If a TCP connection to the peer has not been established, the send method will initiate a connection and return a status of incomplete to the MML. Likewise, if connections exist but are in use, a status of incomplete is returned to the MML. The MML will continue to invoke the send operation until a status of complete is returned indicating that all message fragments have been queued for delivery.
As all TCP connections are implemented with non-blocking sockets, write operations on the socket may not complete if adequate resources (e.g. buffers) are unavailable in the kernel. To handle this case an instance of Reactor is maintained by TCPPath to provide notifications that a socket is ready for read/write. If a write on the socket does not complete, the send descriptor is registered with the reactor to receive notification that the send can continue. TCPSendFrag implements an interface (Reactor::Listener) exported by the reactor, such that a method (Reactor::Listener::sendEventHandler) is called on the send descriptor when the send can continue without blocking. When the write completes the message descriptor is updated to reflect the current status and the instance of TCPSendFrag is unregistered from the Reactor and returned to the process private pool.

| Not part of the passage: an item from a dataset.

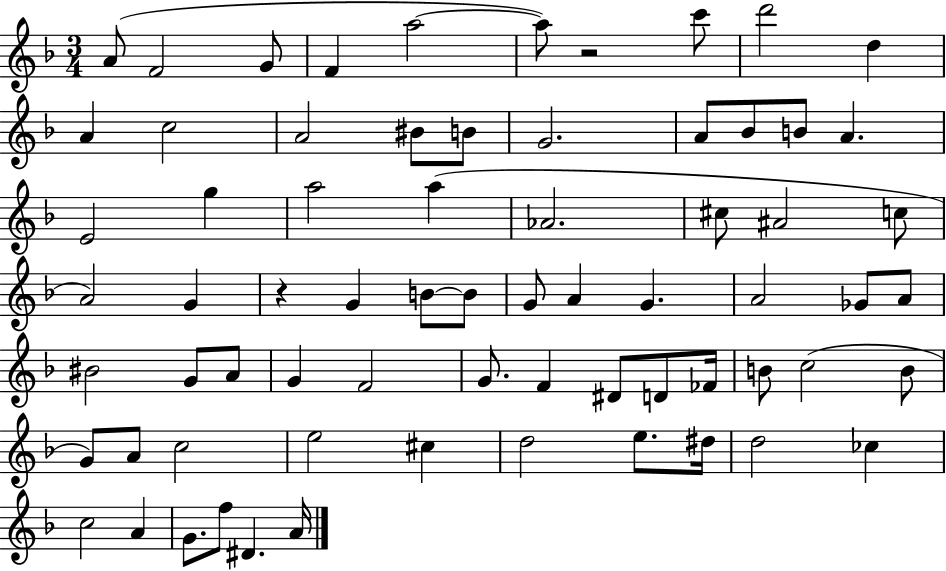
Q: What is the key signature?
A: F major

Each instance of TCPPeer registers with the reactor to receive notification of receive events on its connected sockets. When data is available on a socket, a method (Reactor::Listener::recvEventHandler) is called on the corresponding TCPPeer instance, which dispatches the event to the current receive fragment descriptor (TCPRecvFrag) that is associated with the connection (TCPSocket). If there is no receive in progress, a new receive fragment is first allocated from a process private pool and associated with the connection.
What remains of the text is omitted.